Create a workbook by scraping an HTML TABLE in the page

var workbook = XLSX.utils.table_to_book(dom_element, opts);

The table_to_book utility function follows the same logic as table_to_sheet. After generating a worksheet, it creates a blank workbook and appends the spreadsheet.

The options argument supports the same options as table_to_sheet, with the addition of a sheet property to control the worksheet name.

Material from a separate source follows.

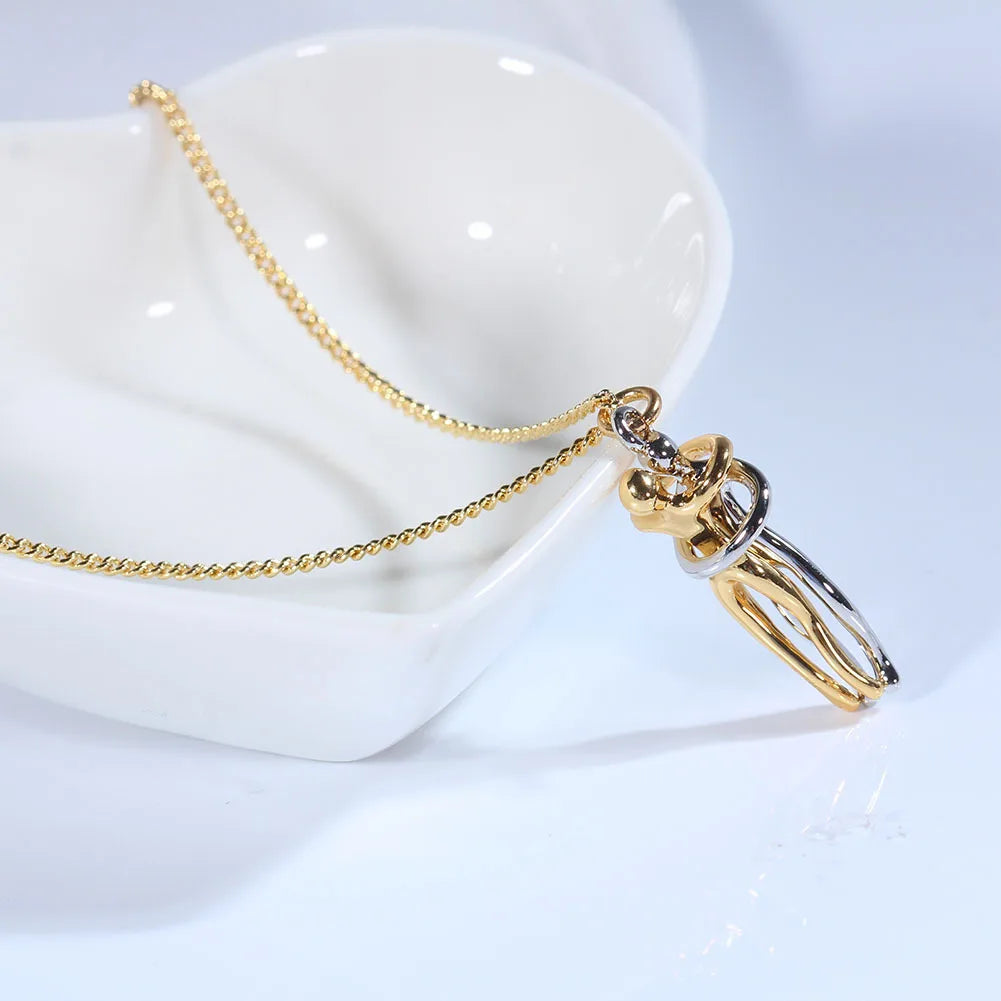 Hip Hop Couple Pendant - Punk Hug Promise Necklace Women and Men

If the property is missing or no options are specified, the default name Sheet1 is used.

Examples​

The Headless Demo includes examples of server-side spreadsheet generation from HTML TABLE elements using headless Chromium ("Puppeteer") and other browsers ("Playwright")

Here are a few common scenarios (click on each subtitle to see the code):

HTML TABLE element in a webpage (click to show)
<!-- include the standalone script and shim -->
<script src="https://cdn.sheetjs.com/xlsx-0.20.3/package/dist/shim.min.js"></script>
<script src="https://cdn.sheetjs.com/xlsx-0.20.3/package/dist/xlsx.full.min.js"></script>

<!-- example table with id attribute -->
<table id="tableau">
<tr><td>Sheet</td><td>JS</td></tr>
<tr><td>12345</td><td>67</td></tr>
</table>

<!-- this block should appear after the table HTML and the standalone script -->
<script type="text/javascript">
var workbook = XLSX.utils.table_to_book(document.getElementById("tableau"));

/* DO SOMETHING WITH workbook HERE */
XLSX.writeFile(workbook, "SheetJSHTMLExport.xlsx");
</script>

Multiple tables on a web page can be converted to individual worksheets:

/* create new workbook */
var workbook = XLSX.utils.book_new();

/* convert table "table1" to worksheet named "Sheet1" */
var sheet1 = XLSX.utils.table_to_sheet(document.getElementById("table1"));
XLSX.utils.book_append_sheet(workbook, sheet1, "Sheet1");

/* convert table "table2" to worksheet named "Sheet2" */
var sheet2 = XLSX.utils.table_to_sheet(document.getElementById("table2"));
XLSX.utils.book_append_sheet(workbook, sheet2, "Sheet2");

/* workbook now has 2 worksheets */

Alternatively, the HTML code can be extracted and parsed:

var htmlstr = document.getElementById("tableau").outerHTML;
var workbook = XLSX.read(htmlstr, {type:"string"});
Chrome/Chromium Extension (click to show)

The "Chrome and Chromium" demo includes a complete example and enumerates the required permissions and other settings.

In an extension, it is recommended to generate the workbook in a content script and pass the object back to the extension:

/* in the worker script */
chrome.runtime.onMessage.addListener(function(msg, sender, cb) {
/* pass a message like { sheetjs: true } from the extension to scrape */
if(!msg || !msg.sheetjs) return;
/* create a new workbook */
var workbook = XLSX.utils.book_new();
/* loop through each table element */
var tables = document.getElementsByTagName("table")
for(var i = 0; i < tables.length; ++i) {
var worksheet = XLSX.utils.table_to_sheet(tables[i]);
XLSX.utils.book_append_sheet(workbook, worksheet, "Table" + i);
}
/* pass back to the extension */
return cb(workbook);
});
NodeJS HTML Tables without a browser (click to show)

NodeJS does not include a DOM implementation and Puppeteer requires a hefty Chromium build. The "Synthetic DOM" demo includes examples for NodeJS.